Musings on 2018 — An Insightful Read for the New Year

The big day is here. The day upon which millions of people around the world formulate big plans and grandiose ideas as to how their life will be that much better this year than the last.

In celebration of such an event I took upon the monumental task of hitting the unsubscribe button dozens of times on useless junk emails that clutter my personal inbox daily. Big plans for 2018 indeed.

There have been several articles I posted on LinkedIn within the last year that seemed to garner quite a bit of, dare I say, controversy. A couple of those recent topics focused on social media. More specifically how social media platforms such as Facebook and Snapchat are “tearing apart the social fabric of society” — Chamath Palihapitiya.

That got me thinking about the perception of time as it’s related to technology and social media. Why is it that most people seem to share the common belief that time speeds up as we get older? What a strange phenomenon.

As a kid I frequently recall time not moving fast enough. It seemed like eternity before I could turn 16 and drive a car, or turn 21 and drink alcohol, eh hem, legally. As an adult, however, I never seem to have enough time in the day.

I noticed a shift with the new generation of young adults and kids. It seems their perception of time is the same as mine. Nowadays I hear my stepkids constantly saying things like, “wow we’re here already?” or “our winter break is over already?”. Gone are the days of, “are we there yet?”.

The one common denominator here now that was not present when I was a kid is that we all have access to interactive technology that never leaves our side. Does this mean, in effect, that technology has a direct correlation on speeding up time?

I’m sure if you asked kids or adults in modern day tech prolific countries how they perceive time as compared to those living by simpler means you’d get a very different response.

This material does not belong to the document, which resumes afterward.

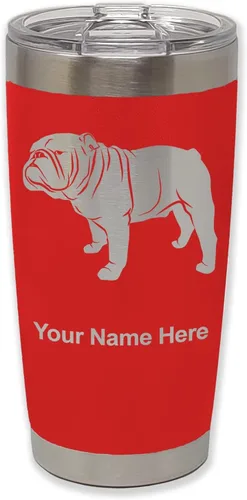 Miniatura 28 de LaserGram Vaso aislado al vacío de 20 onzas, Bulldog Dog, grabado personalizado incluido (negro)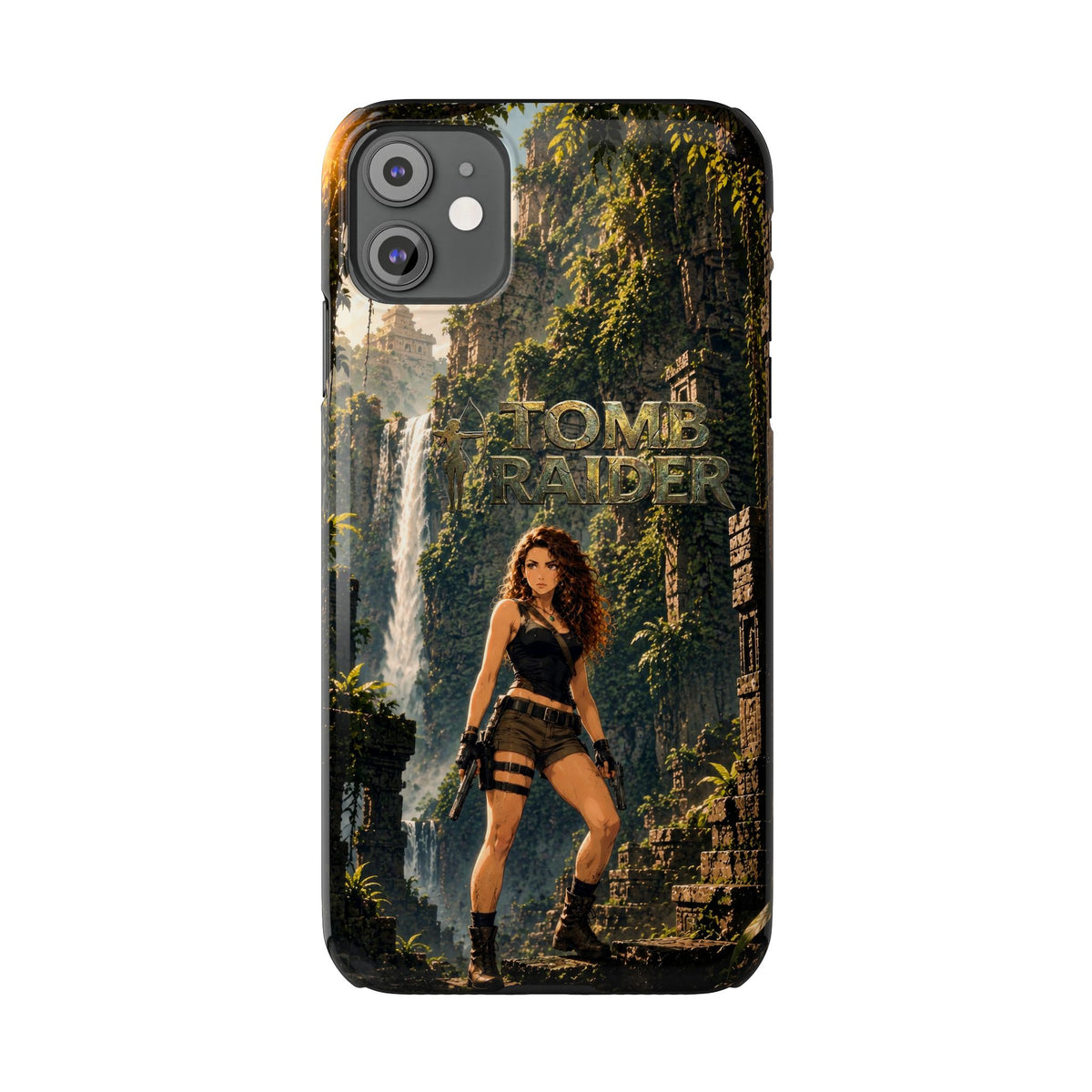 Front phone case with triple-lens camera cutout and Tomb Raider adventure artwork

Consequently, we seem to have found a form of time travel.

What all of this seems to come down to is our perception of time and how that corresponds to our reality. If time can be manipulated by things like technology or perhaps even just living in fast pace cities like Los Angeles or New York, how can one counteract those effects?

Most people don’t seem to want to get old and die, but many also don’t seem to want to live, or more specifically, live in the moment. Oh the irony.

If one is on technology all the time and increases their rate of perceived time travel does that mean then, that it is life itself they are avoiding and/or not enjoying?

Perhaps we forget that life is worth savoring. If we are constantly being fed advertisements and shown daily that what we have isn’t enough then we really just lose sight of ourselves and our tangible journey, which is ultimately what gives us true satisfaction and meaning.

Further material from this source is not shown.